LITTLE ROCK — Attorney General Dustin McDaniel’s office is seeking to intervene in a lawsuit challenging a tax exemption that lawmakers provided to the oil and gas industry earlier this year.
The attorney general’s office filed a motion Friday to intervene in a lawsuit by Pulaski County resident Robert Nunn alleging that a sales tax exemption for sand and other proppants used in oil and gas drilling is unconstitutional.
The state Legislature inserted the tax exemption into a budget bill and approved it during this year’s fiscal session. Gov. Mike Beebe vetoed the part of the bill containing the tax exemption, saying the Legislature had not followed the proper procedure for approving a non-appropriation measure in a fiscal session, but the Legislature overrode the veto.
Nunn’s lawsuit, filed last month in Pulaski County Circuit Court, alleges that because the Legislature bypassed the two-thirds vote in both chambers required to consider a non-appropriation measure during a fiscal session, the tax break is unconstitutional. Nunn also is seeking an order that the state collect any taxes it failed to collect because of tax break and is asking for attorney’s fees and costs.
Legislators who support the tax break say a two-thirds vote was not required because the measure simply clarified that proppants fall under the state’s sales tax exemption for manufacturers’ equipment, in accordance with a Pulaski County circuit judge’s ruling in a separate lawsuit earlier this year. The state Department of Finance and Administration is appealing that ruling.
In its motion Monday, the attorney general’s office said it should be allowed to intervene in the lawsuit because under Arkansas law the attorney general is entitled to be heard when a state statute is alleged to be unconstitutional.
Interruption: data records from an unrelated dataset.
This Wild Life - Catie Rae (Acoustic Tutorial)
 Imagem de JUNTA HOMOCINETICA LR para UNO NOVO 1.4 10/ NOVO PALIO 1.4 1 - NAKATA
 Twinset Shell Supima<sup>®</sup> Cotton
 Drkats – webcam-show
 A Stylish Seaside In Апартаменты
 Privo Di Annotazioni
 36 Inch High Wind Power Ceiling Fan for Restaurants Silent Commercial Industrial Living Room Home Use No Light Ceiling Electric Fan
The defendant in Nunn’s lawsuit is DF&A Director Richard Weiss. On Monday Weiss filed an answer to the lawsuit in which he admitted the tax exemption is unconstitutional but denied that Nunn is entitled to an order that the state collect any taxes that it failed to collect or that he is entitled to attorney’s fees or costs.
“The Arkansas Supreme Court has not found that the mere failure to collect funds … constitutes an illegal exaction,” Weiss said in his filing.